Within days of announcing plans for the world's first climate controlled beach, Emirates Sunland Group, a joint venture between privately-owned Emirates Investment Group and Australia's Sunland said the project was on hold until it could be established whether the project was environmentally sustainable. "If an environmentally sustainable approach cannot be found and guaranteed then Sunland Group will not develop the beach in this format," said Soheil Abdeian, the group's founding director, according to Abu Dhabi newspaper The National.
The reversal highlights the pressures on Dubai, a young shoot struggling to grow between two massive trees as Emirati film maker Hamad al Awar in his 2006 animated feature Once Upon A Seed portrays his native land's efforts to carve out its niche in a global economy. Framed before the global economic meltdown during the heyday of Dubai's Richard Bransoniesque development push -- Screw it, just do it, or more elegantly put in the words of Sheikh Rashid al Maktoum, the current ruler's late father, build and they will come -- Al Awar's metaphor probably referred to regional power houses Saudi Arabia and Kuwait.
It harked as far back as the late 1980s when Gulf leaders gathered in Abu Dhabi to create the Gulf Cooperation Council (GCC). Emirati leaders and merchant families then worried whether they would survive competition with the region's wizened, experienced traders, the Kuwaitis, and the far less shrewd but cash-rich Saudis who also benefitted from their sheer population figures. Those anxieties are long gone. Today, the emirate competes with the best of the best and in many ways sets the tone.

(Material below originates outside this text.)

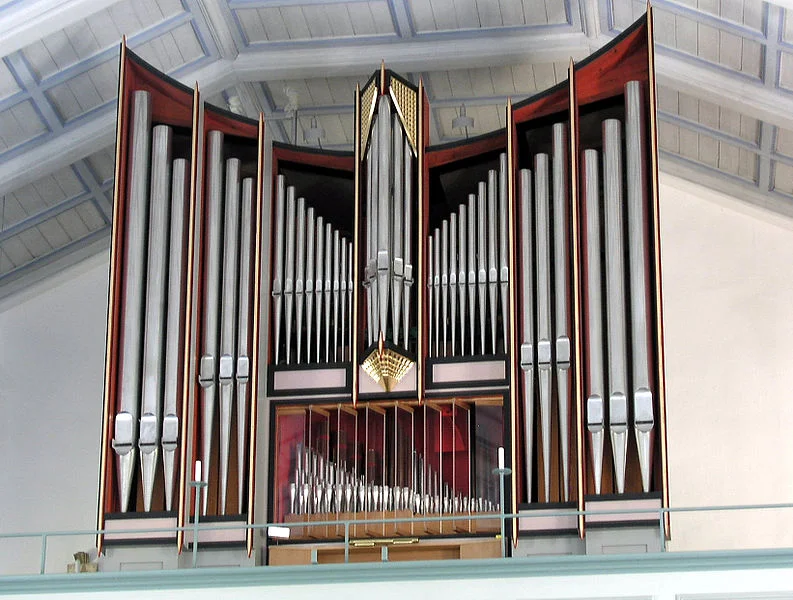 793px-Sturko_church_organ.webp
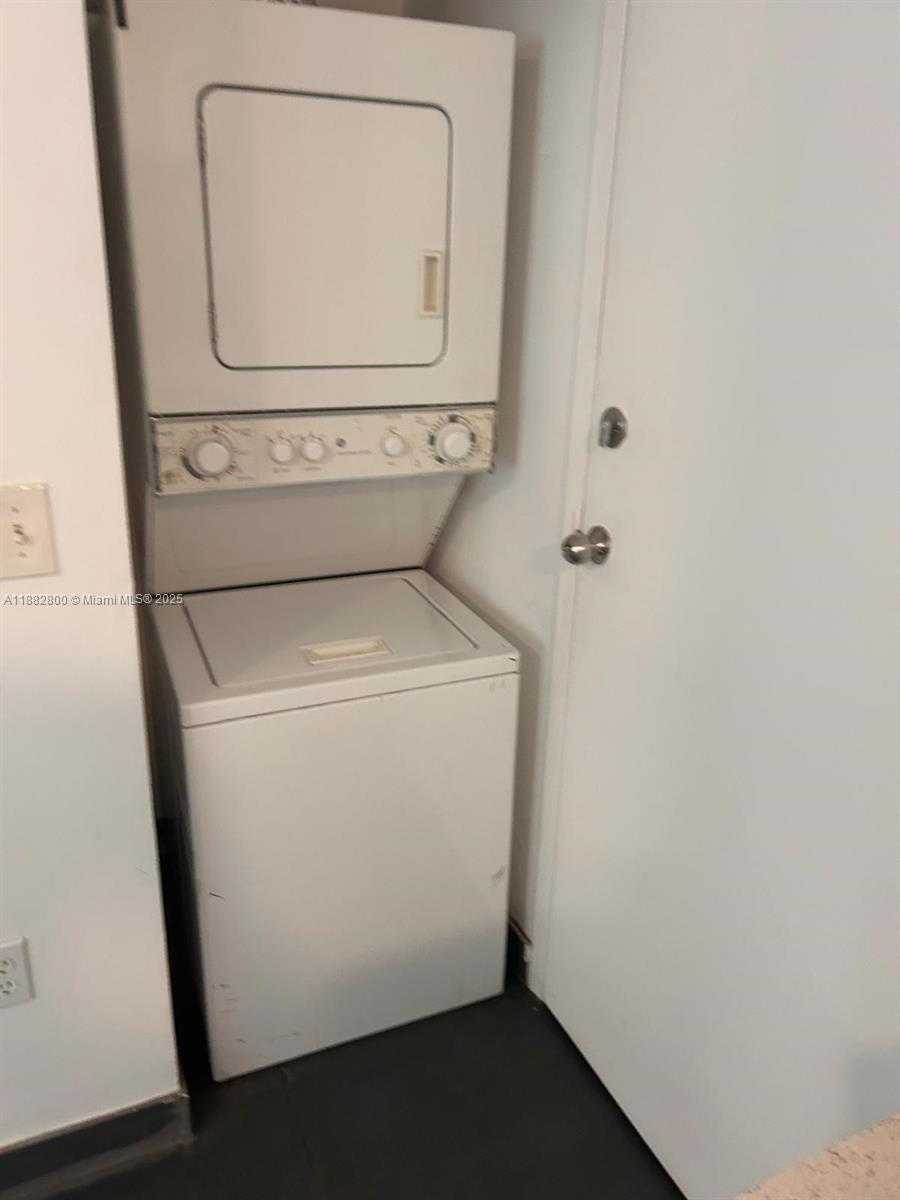 Small Image of 1600 EUCLID AVE #105, Miami Beach Number 4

Just how far it has come was highlighted this week by a report commissioned by the office of London mayor Boris Johnson predicting that Dubai among others could overtake the City as one of the world's foremost financial centers. "Other centers are simply more coordinated, more strategic and more aggressive" than London said Bob Wigley, Merrill Lynch chairman for Europe, Middle East and Africa and the head of Johnson's panel.

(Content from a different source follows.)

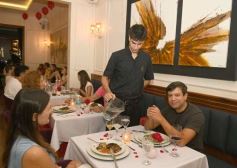 Foto de la galería: Con San Valentín, familias y gente amiga, mucho del día y noche en la ciudad en este febrero de disfrute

Yet, the report came just as Dubai witnessed its first layoffs in the financial sector and credit rating agencies downgraded the region's financial institutions, many of them in Dubai. The downgrades in ratings and/or outlook reflected fear that already hard hit stock and real estate markets in Dubai and elsewhere in the Gulf could deteriorate further. That in turn would affect asset their quality and profitability.
Emiratis and particularly Dubai will certainly take pride in the fact that their Gulf outpost is viewed as a worthy rival to the world's foremost, albeit humbled, financial centers. But that may be less glory to bask in and more a clarion call that much remains to be done for the emirate to be continued to be counted in the world's top league. Being the world's best, most outlandish, biggest, tallest or whatever may no longer be the name of the game. Getting it right has replaced that. If anything, the Johnson panel warning to the elders of London poses the challenge to Dubai to rise to the occasion.